The RBS Calculator can be used in either Reverse Engineering or Forward Engineering modes. In the Reverse Engineering mode, you enter the nucleotide sequence of an mRNA transcript and the RBS Calculator predicts the translation initiation rate from each of the start codons. In the Forward Engineering mode, you enter a protein coding sequence and a target translation initiation rate. The RBS calculator then generates a synthetic ribosome binding site sequence that will initiate your protein coding sequence at the selected translation initiation rate.

Forward Engineering Mode

·        Step 1: Copy and paste the first 50 nucleotides of a protein coding sequence into the "Protein Coding Sequence" box. The sequence must start with either ATG or GTG and any combination of ATCGU nucleotides is acceptable. Thymines (T) are automatically converted to uracils (U).

·        Step 2: Select the target translation initiation rate, which is gauged on a proportional scale from 0.1 to 100,000+. There is no lower or upper limit to the scale and translation rates below 0.1 or above 100,000 are feasible, depending on the protein coding sequence.

·        Step 3: Input the pre-sequence, which is any sequence that appears prior to the ribosome binding site, such as a restriction site. The sequence must be a part of the mRNA transcript.

·        Step 4: Enter your email address and click on the "RBS Design" button. A link to the results will be emailed to you in about 5 to 15 minutes.

The results will contain the pre-sequence, the ribosome binding site sequence, and the protein coding sequence with the predicted translation initiation rate. On average, the actual translation initiation rate will be within 2.3-fold of the predicted rate. Importantly, this prediction is specific to the protein coding sequence. If you change the protein coding sequence, a new ribosome binding site should be designed.

Forward Engineering Mode with RBS Constraints

Sometimes, it is necessary to insert a specific sequence within or nearby the ribosome binding site (e.g. a restriction site or a primer binding site). You can design a synthetic ribosome binding site and include such sequences by adding a sequence constraint.

·        Step 1: Add a sequence constraint in the “RBS Constraints” box. Enter any combination of ATCG nucleotides to keep a nucleotide constant. Enter an ‘N’ nucleotide to allow a nucleotide to change. For example, the sequence constraint ‘TCTAGANNNNNNNNNNNNNNN’ will generate a 21 nucleotide synthetic RBS sequence that begins with the XbaI restriction site.

·        Step 2: Specify the protein coding sequence, pre-sequence, and target translation initiation rate in the forward engineering mode. Verify that the length of the pre-sequence and RBS sequence constraint adds up to at least 50 nucleotides.

·        Step 3: Enter your email address and click on the “RBS Design” button. A link to your results will be emailed to you in about 5 to 60 minutes. The

Reverse Engineering Mode

·        Step 1: Copy and paste the sequence of an mRNA transcript into the "mRNA Sequence" box. The sequence should contain at least 50 nucleotides before and after the start codon of your protein(s) of interest. If a start codon is located near the beginning (5' end) of the mRNA transcript, only include the nucleotides in the mRNA transcript. Any combination of ATCGU nucleotides is acceptable. Thymines (T) are automatically converted to uracils (U).

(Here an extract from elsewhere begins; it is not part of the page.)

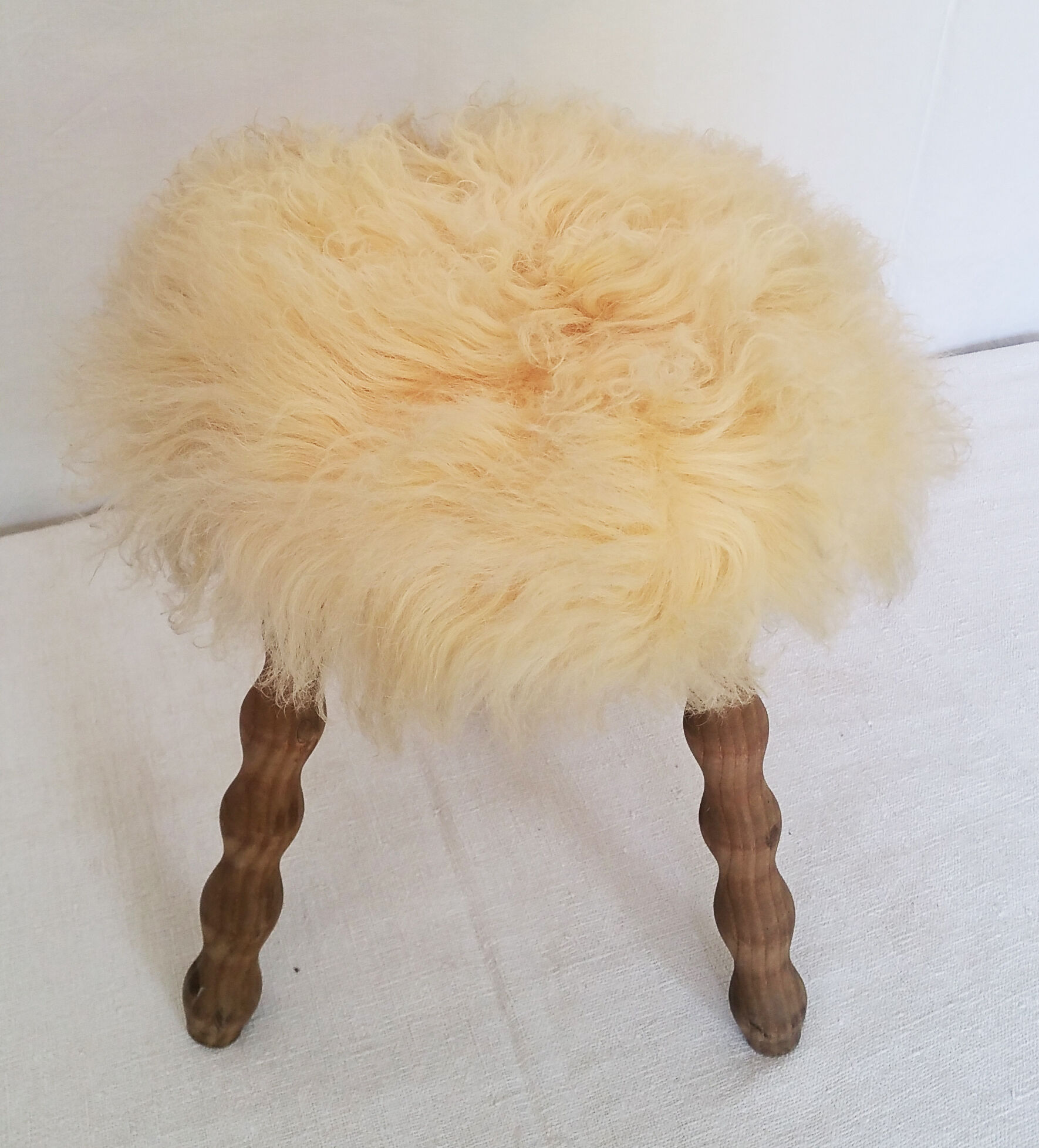 Tripod stool "ethnic chic" 60/70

·        Step 2: Enter your email address and click on the "RBS Predict" button. A link to the results will be emailed to you in about 5 minutes.

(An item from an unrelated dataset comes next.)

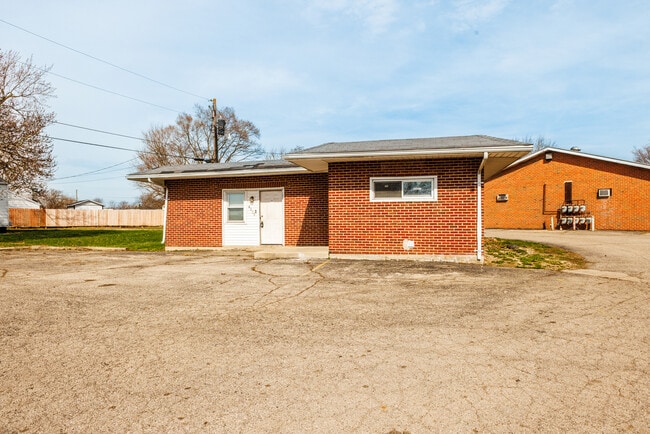 Building Photo - 4609 S Madison St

The results will contain a list of start codons in the mRNA transcript and their predicted translation initiation rates on a relative scale from <1 to 100,000+. Each start codon will produce a different protein. The accuracy of the prediction is denoted by a colored box and abbreviation. An accurate prediction is denoted by a green box ("OK"). For various reasons, the accuracy of a prediction made in the reverse engineering mode may be less than a prediction made in the forward engineering mode. legend contains a list of reasons.